Bek that's exactly what my doctor said, when we were at the hospital we were shocked and all the information they gave it was new for us! by the time we got home all we were tinking is that I am in danger of losing my baby :(( I decided to quit my job and stay in bed and of course I started googling about cervix problems. But untill today I was confused about my result I had no idea if I was dilating or not! You girls and my doctor make it clear for me and today after one week I smiled and stopped crying !!! Kisses and hugs thanks for helping me out!


----------



## valentinacast

I just wanted to let all of you know, we are in the hospital!! I went into labour on Wednesday! My baby is still cooking had her steroids ,contraction got stopped and tonight I am getting off Magnesium and everything else! I am 3cm dilated and 50% enffaced!
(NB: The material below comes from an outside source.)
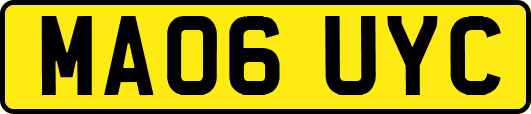 MA06UYC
I hope she stays in for longer , we are taking everything day by day!


----------



## valentinacast

So sad and worried


----------



## bek74

you are now 24wks aren't you? Babe I know you
Must be scared, they have given u the injections so that's great.
You and bubs are in our thoughts.


----------



## Jen1802

Valentina how many weeks are you now? Aw pet, I've been there too, its terrifying not knowing what's going to happen. Try to be strong, whatever happens now will be out of your hands. If little one is going to come early, then it was meant to be. Just know this, there are lots of babies born early every day, you've seen this yourself on this forum. These babies are miracles and fight and survive and the majority grow up to be perfectly healthy with minimal problems. I know the drs have probably given the worst case scenario as that's what they did with me, I was told Juno would only have a 50% chance of survival before she was born. Well I've got her at home with me now and she is doing everything a normal 6 week old should be doing. The road ahead is tough but if you need anyone to talk too just post on here as we've all had different journeys with our preemies and are here to support one another! Sending hugs and kisses your way! XOXO


----------



## valentinacast

I am 25 weeks today and I have been given both of the shots, I have had no contraction since Thursday 4am and doctors are going to check me at 6pm tonight after 24h from my last steroid shots! Wish me luck I hope nothing changed, I am on zero pain and baby is happily moving around!


----------



## Jen1802

Well that's good, those steroid injections work wonders! Just take it easy, not that you can really do anything else but that in hospital! Good luck! xoox


----------



## bek74

Keep us posted


----------



## valentinacast

Alright they took everything off me at 6pm, and I am no longer in the labour and delivery room! I am next to it haha :) my husband is in the military so we are very well taken care off... I am so scared to sleep, go to the bathroom or anything else!!! My princess made it one more day yayyy!!! I hope it stays like this! They havent checked me anymore because I have been 36h without contracting but on magnesium. I am so scared yet!


----------



## valentinacast

Contractions are back, cervix didnt change !! This is so stressfull :((


----------



## x-amy-x

chin up hun

my little girl was born at 26 + 2 she's 6 weeks old now and still fighting :) still a way to go til we're home but she's here :) x


----------



## valentinacast

Thank you, good luck to you too!


----------



## Jen1802

Juno was 26 plus 4 when she was born and she's doing brilliantly now. Stay positive! X


----------



## mylittlebud1

At 22 weeks i had 0.7mm of cervix shut the rest was funnelling, they gave me progestrone pessaries but too late for stitch. by 25 weeks my cervix was open and then 26 wks my waters broke. I think 3.2cm is actually normal myself and should be fine, 

It s such a worrying time, i know, but if your baby is born early there is so much they can do. I wish you all the best xxx


----------



## JadeyB

Ah hon, 

How scary, I really hope bubba stays put for a little while longer.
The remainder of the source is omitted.